What are the costs, the power requirements and the time that goes into building an AI platform like yours? Do you train up your own LLMs? “There are a variety of ways you can use train an AI model. The largest models in the world are built by providers who invest the time and resources to build those gigantic models that can serve virtually any purpose in the world. That’s not something we’d build ourselves. We’d access those models ourselves just like any of our customers would.

“On us building our own models, we experiment with a variety of things. This goes back to R&D that I was talking about earlier. We experiment with using off-the-shelf models. We experiment with building our own models, which will not be as large as those gigantic models that come from the hyperscalers of the world.

“Again, all of it comes back down to the fact that there will not be a one-size fits all in the future. I imagine a future where depending on the customer problem, we’re going to employ a different kind of model. I suspect our content and subject matter expertise will allow us to provide unique value with custom-built models, but they’re not going to be the size of these gigantic models you see from hyperscalers.

“For us the sweet spot is discovering the smallest model that provides the best response to the customer’s problem. And the smaller the model, the more efficient it is in many aspects, like run time, like costs, like efficiency in all its forms. That’s what our R&D function does. It helps us identify how to use our content and subject-matter expertise to the smallest model that will solve that model for that customer.

Your November announcement mentioned a multi-year strategy. Where do you see AI at Thomson Reuters going? “I think you’re going to see the pace at which we deliver go up. We had one product release in November, we have a couple more coming up and we had our acquisition of Casetext.

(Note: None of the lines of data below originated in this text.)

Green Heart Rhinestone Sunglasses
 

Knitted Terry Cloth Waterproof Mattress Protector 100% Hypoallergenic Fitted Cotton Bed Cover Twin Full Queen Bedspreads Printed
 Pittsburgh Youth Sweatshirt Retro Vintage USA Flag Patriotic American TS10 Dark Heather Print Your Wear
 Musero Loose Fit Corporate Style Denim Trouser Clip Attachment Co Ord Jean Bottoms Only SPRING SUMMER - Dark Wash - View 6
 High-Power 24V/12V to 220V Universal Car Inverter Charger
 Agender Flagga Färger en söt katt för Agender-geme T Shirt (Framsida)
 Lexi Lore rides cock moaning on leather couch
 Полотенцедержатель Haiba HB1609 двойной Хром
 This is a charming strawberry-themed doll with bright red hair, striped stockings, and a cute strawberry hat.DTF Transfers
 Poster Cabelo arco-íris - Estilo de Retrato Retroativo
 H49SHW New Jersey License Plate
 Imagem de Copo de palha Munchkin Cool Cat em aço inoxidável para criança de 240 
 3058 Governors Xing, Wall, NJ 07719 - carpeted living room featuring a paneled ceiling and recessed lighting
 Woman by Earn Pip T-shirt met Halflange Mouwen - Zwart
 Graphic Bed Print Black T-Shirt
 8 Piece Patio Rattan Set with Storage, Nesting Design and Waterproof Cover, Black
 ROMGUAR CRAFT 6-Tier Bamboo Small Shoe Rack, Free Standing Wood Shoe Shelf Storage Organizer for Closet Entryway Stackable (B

“I go back to speed again. I think what you’re going to see is that this isn’t something that’s ever going to be a point solution where we have one generative AI solution. In that diagram I shared, there’s something called AI Assistant and its generative AI power as something that exists across all of our products … where it’s helping you get more value, leverage those AI skills, and solve the problems you’re trying to solve more effectively. And we’re going to keep upping the pace at which we develop those skills and we integrate them into products.

“You’ll see more and more of that as we move ahead. That’s why that investment in the foundational platform was so important at this time, because we feel that will give us a differentiated advantage in the future.”

Your announcement stated Thomson Reuters will invest $100 million in AI. Is that this year or multiple years into the future?  “That’s what we’re organically investing in building our own AI solutions. That is a minimum of $100 million we’re going to put in, that’s the build part of our strategy. But I also want to talk about our recent acquisition of Casetext. If we see something that’s a great fit with Thomson Reuters in every way — culturally, technologically, and most importantly that can help solve customer problems — we’ll make acquisitions as part of our buy strategy.

“Then, there’s the partner strategy, as well. We recently announced a partnership with Microsoft where back during their Build Conference we were one of the first organizations to talk about what an integration with Microsoft Copilot could look like. So we have teams hard at work to show what that vision [is] to help lawyers more efficiently draft contracts in Microsoft Word by leveraging Copilot add-ins — we’re busy at work making that a reality.

“So, you’ll see us looking at all three of those angles: the $100 million to build; where we can buy; and we’ll continue to partner where we can use that to help service our customers.”